Читаем На гребнях волн полностью

Кажется, он украдкой бросает взгляд вниз, на ее волосы, торчащие из-под купальника, и мне становится за нее неловко.

– Куда это вы? – спрашивает она.

– Через пять минут вернемся, – отвечаю я.

– Хм, ну ладно, – говорит она и задирает подбородок, словно хочет сказать: «Могла бы я сказать вам «развлекайтесь, детки», но так уж и быть, удержусь!»

Мы с Китом идем к утесам. На большом камне кто-то написал краской из баллончика: «КРА». Это тэг одной из местных подростковых банд. КРА означает «китаец, родившийся в Америке». Еще один тэг, который часто можно увидеть в нашем районе, – ННО, что значит «ничто не остановит» – девиз компании скейтбордистов. Для постороннего выглядит так, словно здесь конкурируют какие-то партии или службы новостей. Я показываю Киту, как, выждав миг, когда волна откатывается назад, перелезть через утес на соседний пляж. В нужный момент кричу: «Бежим!» – и мы оказываемся на другой стороне утеса прежде, чем волна разбивается о камни. Мощный вал, брызги белой пены на камнях – это зрелище так и просится на безвкусное масляное полотно. Мы стоим на вершине: не разговариваем, не касаемся друг друга, только шумно дышим в унисон. Потом, когда радостное возбуждение спадает, я показываю Киту, как перебежать обратно.
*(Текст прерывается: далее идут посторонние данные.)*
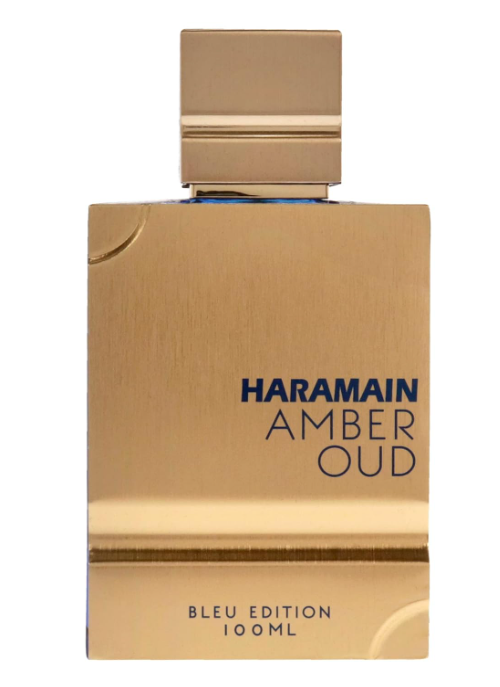 Haramain Amber Oud Bleu Edition 100ml perfume bottle with a brushed gold metallic finish and dark blue lettering, shown on a plain white background.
Вот мы и снова на основном пляже. Поодаль я замечаю Петру. Кит говорит, что ему пора домой.

– Ладно, – говорю я. – Увидимся.

– Увидимся, – отвечает он.

Я возвращаюсь к своему полотенцу, на котором спала, и вижу, что на песке с ним рядом написано слово «шлюха». Оглядываюсь – вокруг никого. Хочу стереть ругательство ладонью, но потом решаю, что не стоит. Пусть и у меня будет свой тэг.

8

На следующий день мне звонит Лотта и просит не приходить к ней на день рождения.

– Извини, – говорит она, – но я здесь новенькая и хочу завести друзей. А если я тебя позову, никто больше не придет.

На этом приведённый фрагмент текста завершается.